É doce morrer no mar


Às vezes a gente precisa de alguém que olhe para nós e nos diga o que estamos fazendo de errado. Às vezes precisamos somente ler alguém escrevendo para si, num assunto tão íntimo que de repente nos toma e percebemos como nos atinge também.

Sim, porque no dia-a-dia, na rotina absurda que nos carrega, naqueles dias que não sobra nem tempo para respirar, sequer lembramos onde estamos. O que vivemos. O que há lá fora. Chegar no escritório de manhã e entrar naquela caixa sem janelas, com a luz branca, simulando um dia perfeito após o outro. O olhar que trocamos quando ouvimos aquele barulho ao fundo - isso é chuva? Está chovendo? Impossível saber. Estamos sempre isolados em casa, cada um no seu quarto, no seu computador, no seu carro indo ao trabalho, na sua mesa no escritório, no seu setor. Enquanto isso, há tanta coisa lá fora.

É nesses momentos que fujo para o banheiro, encosto a cabeça na parede, deixo o ar (sem ser refrigerado) me envolver um pouco. Pela janelinha, consigo ver o céu. E as poucas nuvens de Fortaleza, a brisa suave que vem do litoral, que chega até mesmo nos bairros mais distantes. E chega dentro de você. E te diz: sim, há isso tudo lá fora.

Às vezes a agonia é tão grande que precisamos sair, nem que seja para ir na padaria da esquina encomendar uma tapioca ou meia dúzia de pães de queijo. Porque esticar as pernas e sentir o vento me faz sentir viva, e posso até reclamar, mas sou absolutamente apaixonada pelo pequeno fragmento de percurso da parada do ônibus até a minha casa, em que o vento me abraça, me envolve, assanha (ainda mais) os meus cabelos. É rápido e passa logo, e mesmo de noite, consigo me sentir. Estou vivendo. Estou aqui. Estou sendo.

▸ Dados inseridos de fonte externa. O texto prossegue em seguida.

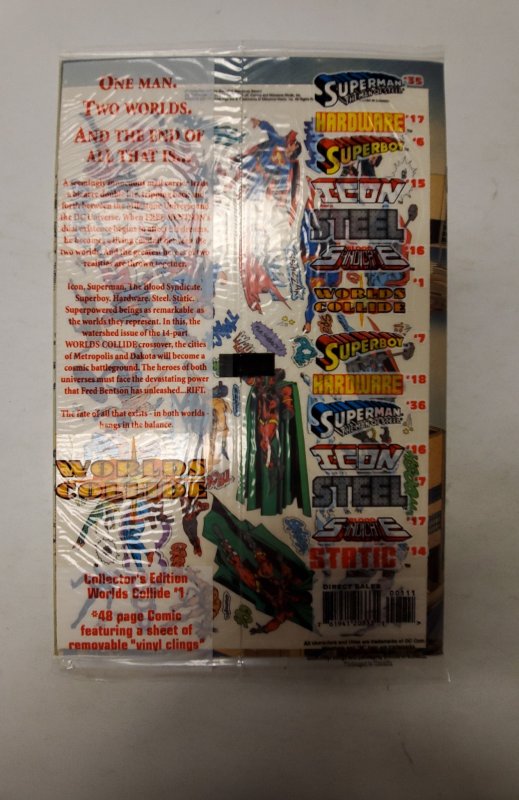 Worlds Collide #1 (1994) NM DC Comic Book J679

Um dia já inspirei o ar puro das montanhas, e se me concentrar muito, muito mesmo, quase prendendo a respiração, consigo sentí-lo. O ar doce, leve, fresco. O cheiro da natureza, a umidade. Mas isso é fácil. É fácil estar sentada no escritório e dizer: ah, que saudades de viajar. E tendo o universo ao seu redor, você se torna cega.

Sim, porque há meses não vejo o mar. Quer dizer, impossível ficar sem vê-lo, pois o oceano sempre dá um jeito de aparecer nos percursos que faço, pequenas réstias de azul, vislumbres nos táxis do Rio de Janeiro. Mas moro em Fortaleza e não vejo o mar. Há meses. Há meses não sinto a areia nos meus dedos, não sinto a água, não sinto a maresia embaraçando os meus cabelos. Não respiro fundo e sinto o sal, o sol, o sundown, aquele cheiro de peixe e mar. Estar debaixo d'água. Sentir a pele ficando ainda mais dourada, o corpo mais bonito só pelo toque extra de cor. Sequer tenho a marca do biquíni.

Apenas fico aqui, trabalhando, conversando online porque minhas amigas estão espalhadas pelo mundo, rindo também, e me divertindo, claro, e postergando sempre aquela vontade de voltar. É que chega o sábado e tem tanta coisa pra fazer. E chega o domingo, e vai ter tanta coisa pra fazer na semana seguinte, quero descansar. Estou sempre deixando o verão para mais tarde.

E sentindo, sempre, que um dia será minha hora de voltar.

"Talvez eu seja pequena,
Lhe cause tanto problema

Que já não lhe cabe me cuidar,
Talvez eu deva ser forte,
Pedir ao mar
Por mais sorte
E aprender a navegar."




  1. We all come back when it's time...

    Until then, we sail... hoping for the best and

    trying to smile.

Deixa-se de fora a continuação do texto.